Las obras de unión de los paseos marítimos de la zona norte y sur de Melilla se van a ver retrasadas por la localización de una parte importante del muro del Fuerte de Santiago. Manuel Ángel Quevedo, que resalta la importancia de este descubrimiento desde el punto de vista arqueológico y patrimonial, ha detallado que habrá que modificar el proyecto inicial para integrar este hallazgo a la zona de juegos y aparatos biosaludable previstos.

El exconsejero de Coordinación y Medio Ambiente ha explicado que el Fuerte de Santiago se construyó entre finales del siglo XVII y principios del XVIII y sirvió de avanzadilla de los tres recintos fortificados. Según Quevedo, los técnicos esperaban encontrar los cimientos y el resultado ha superado las expectativas.

Aunque la parte más visible de este proyecto es la relativa al acerado, que se ha ampliado de 1’80 a 4 metros, el exconsejero ha recordado que incluye también la recuperación del muro perimetral, la remodelación de los jardines y la urbanización de la zona de la tetería.

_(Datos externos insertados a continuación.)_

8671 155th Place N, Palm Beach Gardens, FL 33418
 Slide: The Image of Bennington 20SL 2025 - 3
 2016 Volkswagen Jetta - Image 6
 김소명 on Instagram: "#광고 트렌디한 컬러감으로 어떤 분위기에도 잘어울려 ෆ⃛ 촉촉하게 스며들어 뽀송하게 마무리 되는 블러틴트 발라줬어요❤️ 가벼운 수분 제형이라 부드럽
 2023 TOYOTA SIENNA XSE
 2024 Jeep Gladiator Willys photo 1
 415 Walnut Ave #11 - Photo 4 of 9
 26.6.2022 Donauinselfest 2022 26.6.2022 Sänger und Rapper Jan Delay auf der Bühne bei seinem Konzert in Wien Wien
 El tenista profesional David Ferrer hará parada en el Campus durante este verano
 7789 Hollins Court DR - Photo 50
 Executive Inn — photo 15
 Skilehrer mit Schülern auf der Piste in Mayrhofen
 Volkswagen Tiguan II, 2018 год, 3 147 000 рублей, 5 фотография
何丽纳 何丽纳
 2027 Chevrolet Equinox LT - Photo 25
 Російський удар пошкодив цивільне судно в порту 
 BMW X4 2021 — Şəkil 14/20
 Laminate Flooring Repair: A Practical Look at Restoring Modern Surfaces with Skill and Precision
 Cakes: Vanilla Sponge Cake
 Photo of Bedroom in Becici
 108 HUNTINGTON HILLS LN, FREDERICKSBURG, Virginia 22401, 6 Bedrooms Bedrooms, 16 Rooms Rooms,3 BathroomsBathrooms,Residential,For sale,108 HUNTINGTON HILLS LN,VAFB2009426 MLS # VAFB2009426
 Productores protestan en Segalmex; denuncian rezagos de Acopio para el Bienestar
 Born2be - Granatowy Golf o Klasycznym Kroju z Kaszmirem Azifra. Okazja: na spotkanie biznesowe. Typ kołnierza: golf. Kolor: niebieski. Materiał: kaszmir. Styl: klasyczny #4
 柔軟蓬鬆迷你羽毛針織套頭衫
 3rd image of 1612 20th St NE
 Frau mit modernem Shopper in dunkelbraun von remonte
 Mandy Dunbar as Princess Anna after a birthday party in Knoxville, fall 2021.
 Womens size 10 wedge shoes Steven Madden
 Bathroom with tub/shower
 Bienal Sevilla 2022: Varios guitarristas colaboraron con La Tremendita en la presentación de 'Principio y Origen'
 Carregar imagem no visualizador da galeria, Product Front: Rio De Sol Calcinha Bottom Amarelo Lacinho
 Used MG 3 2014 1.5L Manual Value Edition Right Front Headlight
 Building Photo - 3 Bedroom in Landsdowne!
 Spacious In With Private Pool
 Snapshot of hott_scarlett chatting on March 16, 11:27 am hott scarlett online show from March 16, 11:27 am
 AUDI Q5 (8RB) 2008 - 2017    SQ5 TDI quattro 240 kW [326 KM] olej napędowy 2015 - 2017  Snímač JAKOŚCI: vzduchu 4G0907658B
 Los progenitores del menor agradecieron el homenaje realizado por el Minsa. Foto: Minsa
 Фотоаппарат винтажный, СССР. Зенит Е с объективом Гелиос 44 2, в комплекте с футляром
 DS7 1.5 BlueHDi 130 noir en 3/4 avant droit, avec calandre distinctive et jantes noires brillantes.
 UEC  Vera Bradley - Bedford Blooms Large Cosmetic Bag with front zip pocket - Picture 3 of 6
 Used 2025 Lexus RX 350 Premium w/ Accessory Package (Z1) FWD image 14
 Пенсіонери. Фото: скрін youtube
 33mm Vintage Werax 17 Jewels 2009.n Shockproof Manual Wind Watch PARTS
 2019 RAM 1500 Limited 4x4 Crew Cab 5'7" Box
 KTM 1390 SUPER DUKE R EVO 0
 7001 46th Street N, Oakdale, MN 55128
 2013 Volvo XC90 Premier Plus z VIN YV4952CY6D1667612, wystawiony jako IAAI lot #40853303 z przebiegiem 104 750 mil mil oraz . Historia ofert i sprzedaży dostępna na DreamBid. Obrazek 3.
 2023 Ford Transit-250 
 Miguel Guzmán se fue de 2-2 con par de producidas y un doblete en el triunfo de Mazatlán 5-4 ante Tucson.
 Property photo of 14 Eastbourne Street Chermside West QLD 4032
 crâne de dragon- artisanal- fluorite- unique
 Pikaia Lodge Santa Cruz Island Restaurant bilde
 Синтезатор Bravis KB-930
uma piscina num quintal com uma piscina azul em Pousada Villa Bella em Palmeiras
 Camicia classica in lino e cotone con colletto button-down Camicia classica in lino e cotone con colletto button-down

En este punto, ha avanzado que hoy se va a abrir al paso un nuevo tramo de la acera y que el mes que viene se sustituirán todas las farolas. Quevedo ha indicado que el proyecto inicial tenía un plazo de ejecución de diez meses y que estaba previsto realizar por fases. Lo que también estaba pronosticado por parte de Fomento era asfaltar la carretera de la Alcazaba cuando terminaran los trabajos.